A horas del duelo ante Canadá, el técnico mexicano habló de crecimiento, de lecciones aprendidas y de un proyecto que apunta alto: clasificar al Mundial de 2030 y reconciliar a la afición con su selección.

Tena explicó que este proceso busca fortalecer al equipo tanto en lo individual como en lo colectivo, integrando jóvenes talentos formados en Guatemala y futbolistas con raíces guatemaltecas en Estados Unidos.

El objetivo, insistió, es construir un equipo competitivo y sólido, capaz de evolucionar sin perder identidad ni compromiso con la camiseta nacional.

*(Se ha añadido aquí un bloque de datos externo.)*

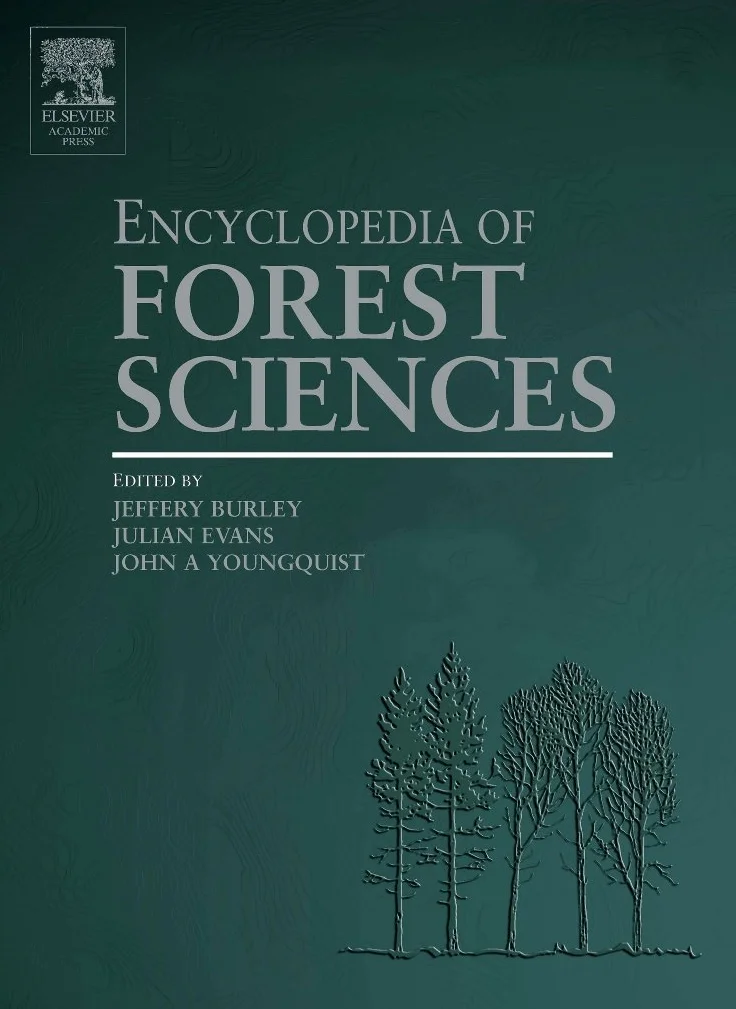 Encyclopedia of Forest Sciences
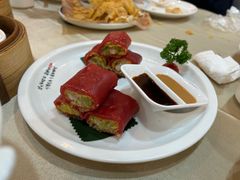 -益健美食大广场(北岭店)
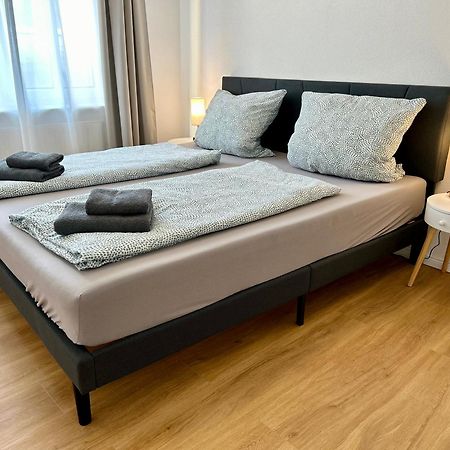 Korniapartment Zentrum 2 Schlafzimmer Stellplatz Bautzen Exteriör bild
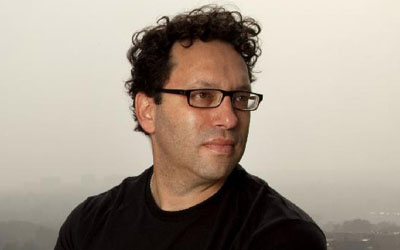 Toby Shapshak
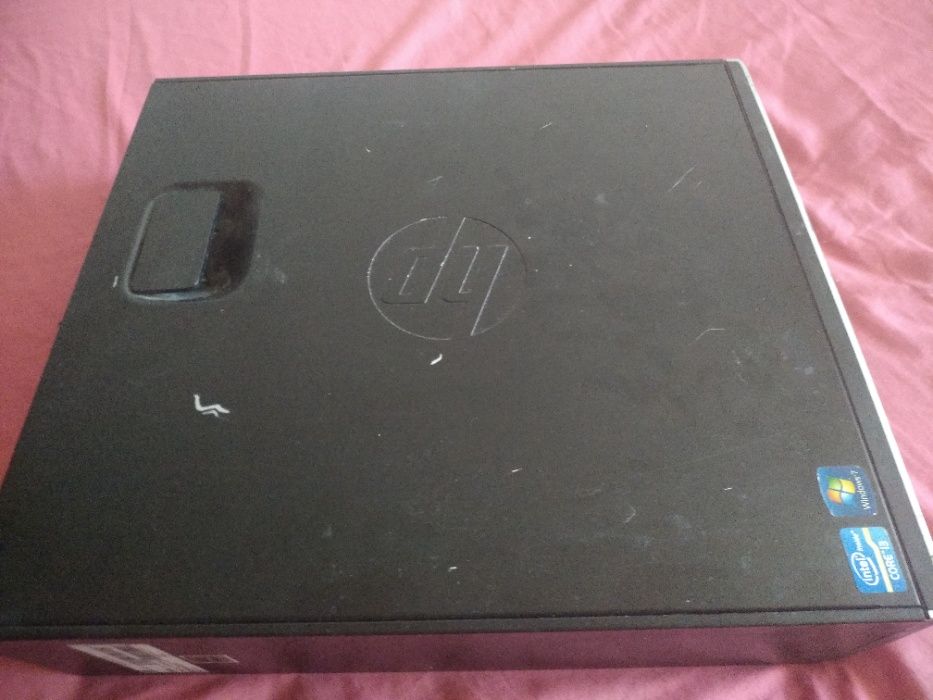 HP Compaq 6200 Pro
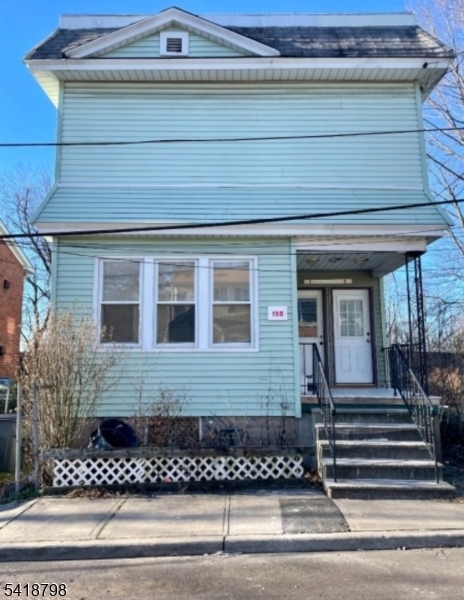 150 Atlanta Avenue Union, NJ 07088 - Photo 1 of 26 a view of a house with a window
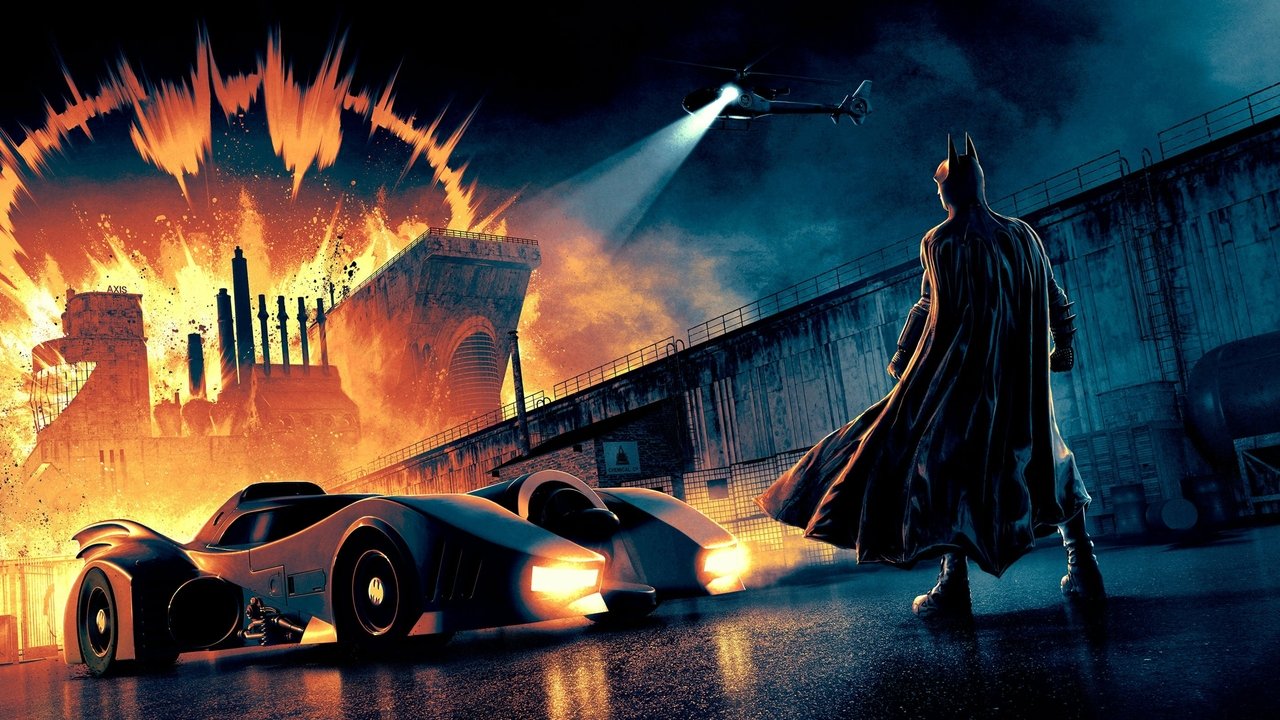 Backdrop image for movie Batman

El seleccionador también fue enfático en el respeto hacia la afición. Señaló que se convocará y utilizará a jugadores que militan tanto en Guatemala como en Estados Unidos, siempre con la máxima seriedad.
“Jugamos para la gente que paga un boleto y para quienes nos siguen por televisión. Mañana salimos con una base pensada para ganar, con una estructura completa que nos permita obtener los mejores resultados y, al mismo tiempo, agradar a nuestra gente”, afirmó.
Tena no esquivó el dolor del pasado reciente. Reconoció que quedarse a la orilla en procesos anteriores dejó una herida profunda.
“Dolió mucho, para nosotros y para la afición. Remamos, luchamos y no alcanzó. Eso ya pasó, ahora hay que seguir”, expresó, convencido de que la experiencia debe convertirse en fortaleza y madurez competitiva.
Con la Copa Oro como referencia positiva, donde Guatemala mostró identidad y buen funcionamiento, el técnico fue claro: la meta ahora es sostener ese nivel y transformarlo en resultados.
“Queremos que la afición se sienta orgullosa de su selección, de cómo juega y de cómo se entrega. La ilusión sigue viva, pero sabemos que el camino se construye ganando”, concluyó.